Been using Roon for many years, and this problem is ongoing for me.
Perhaps 1/10th of my albums are not automatically identified by Roon after scanning a directory tree configured under settings→storage.
I fix them as I see them / they bother me. The database gets corrupted, I start from scratch, and again albums go unidentifed. If I only had to fix it once that would be less annoying, but repeatedly is more annoying.
Sometimes the tracks aren’t a perfect match to the Roon database (usually a couple of tracks have time differences of a couple of seconds), but sometimes when I do edit → identify Roon finds a perfect match. Why doesn’t it then match automatically instead of having the album unidentified?

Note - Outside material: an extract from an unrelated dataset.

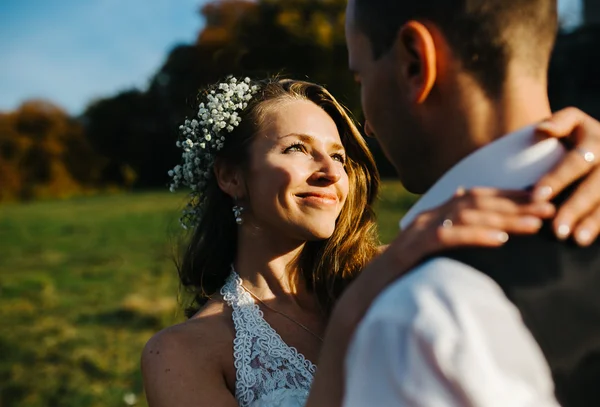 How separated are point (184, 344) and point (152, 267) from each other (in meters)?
9.57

Perhaps it’s down to the lack of track numbers in your metadata. Maybe it would survive that if the track numbers were in the filenames, but they also aren’t in the filenames. It possibly means it has too many assumptions to make to match it to anything automatically.
This usually means there are issues with your metadata or something else that means Roon may have found the correct album but isn’t confident enough to auto identify the album, however when you do Edit:Identify Album Roon is giving you potential matches and you are explicitly giving Roon the go ahead to match to that album.
The problem with backups is, you don’t know when the corruption happened / which backup to go back to. They always suggest just starting again (and won’t discuss what database they are using to store roon data). And so it goes….
Not really sure how what database Roon uses is relevant.
Roon can be configured to keep multiple backup copies over a period of time. I’d restore the most recent and see if the corruption is there and if so restore one prior to that. Repeat.
It has to be better than restarting and redoing your meta data changes.
Because I want to know what database is so bad it causes corruption, and why they chose that one. My company’s product uses postgres and never has corruption for example.
Yes I’ve gone back through time with backups only to find they were all corrupt.
Anyway, trying adding track numbers (via tag editor 2) such that perhaps all albums will be identified and it won’t matter if the database corrupts. I won’t lose anything….
I think we have been talking on cross purposes; my head was with “failing to identify albums” the subject of this topic and also the title of your support request.
Reading more carefully, I can now see the discussion of DB corruption as well in both topics.